Now, before you say “paw, paw, give,” meowijauna doesn’t contain actual marijuana. That’s right, they’re doping our cats with placebos! (Which, truth be told, is for the best, since the real stuff would be a kitty killer.) 

Meowijauna is merely old school catnip, re-branded for stoner cat owners. And if that isn’t an example of good old fashioned American cat-pitalism, then I don’t know what is. 

Of course, this reefer meowness got me thinking about Andrew Lloyd Webber’s musical Cats, which finally makes sense when you realize all the cats prancing around on-stage are stoned out of their gourds. The notorious musical was based on the poems of T.S. Eliot, and I think it’s safe to assume the T in his name stands for Toke. 

Because Jellicles smoke and Jellicles puff, Jellicles puff and Jellicles smoke, Jellicles smoke and Jellicles puff, Jellicles puff and Jellicles smoke, Jellicles smoke and Jellicles puff. In fact, if you look at early drafts of the musical, you’ll discover characters named Ganjasplits, Dankleplottzer, and Mr. Nug. I’m guessing Webber changed their names to Gus, Bombalurina, and Bustopher Jones to be more kid-friendly. 

But Webber’s pot-induced inspirations can still be found in the text if you look closely.

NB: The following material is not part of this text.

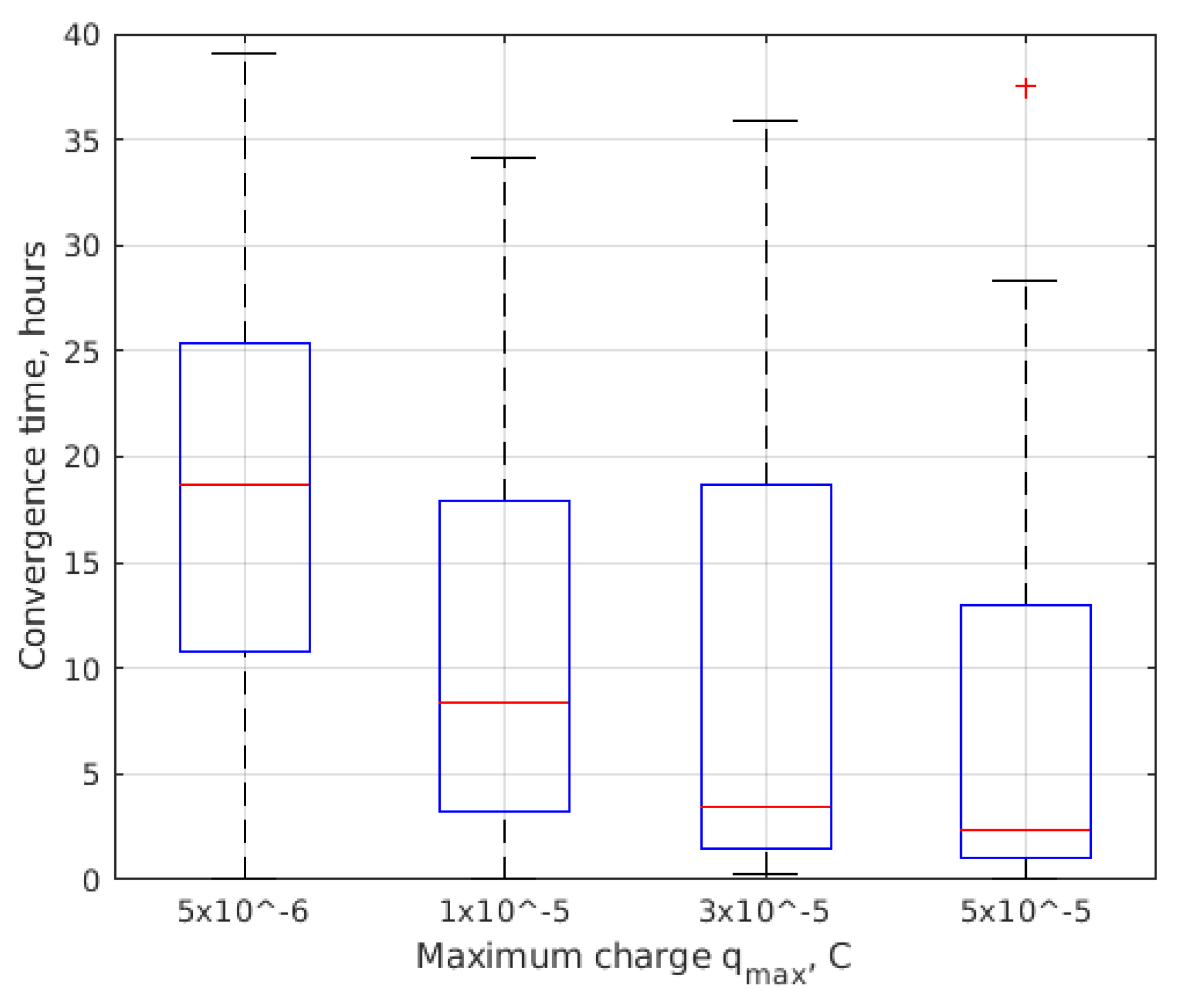 Aerospace 10 00039 g014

Take the musical’s peak emotional song, “Memory.” When Grizabella sings “burnt out ends of smoky days, the stale, cold smell of morning,” she’s clearly bemoaning how terrible her short-term memory has gotten ever since she got hooked on the cat chronic. You might think I’m over-thinking this, but I just smoked an elbow of squee dank cat pot and skimbleshanks macavity stassburg caviar pouncival quaxo mungojerrie rumpleteazer. Amiright?

Fun fact: Cats is being made into a feature film starring Taylor Swift, Jennifer Hudson, Judi Dench, Ian McKellen, Rebel Wilson, Idris Elba, and James Corden. The only way that makes sense is if all of those actors were smoking some ace weed when their agents asked if they wanted to be in Cats. Judi Dench? More like Doobie Dench. 

Honestly, anyone who’s ever enjoyed the musical Cats must have been high as fuhhhk. I played the Original Broadway Cast Recording for my cat Cathy the other day and she just sat there, unmoved. Which is why I’ll be placing an order with Meowijuana very soon, and it’s why we here at Gleek salute all of the cat owners out there dedicated to their kitty’s cannabis needs. 

(Note: this is not a sponsored post, but if the folks at Meowijuana wanna send me some product, Cathy would seriously lick your face for an hour, and you’d probably let her. Because good giggles.)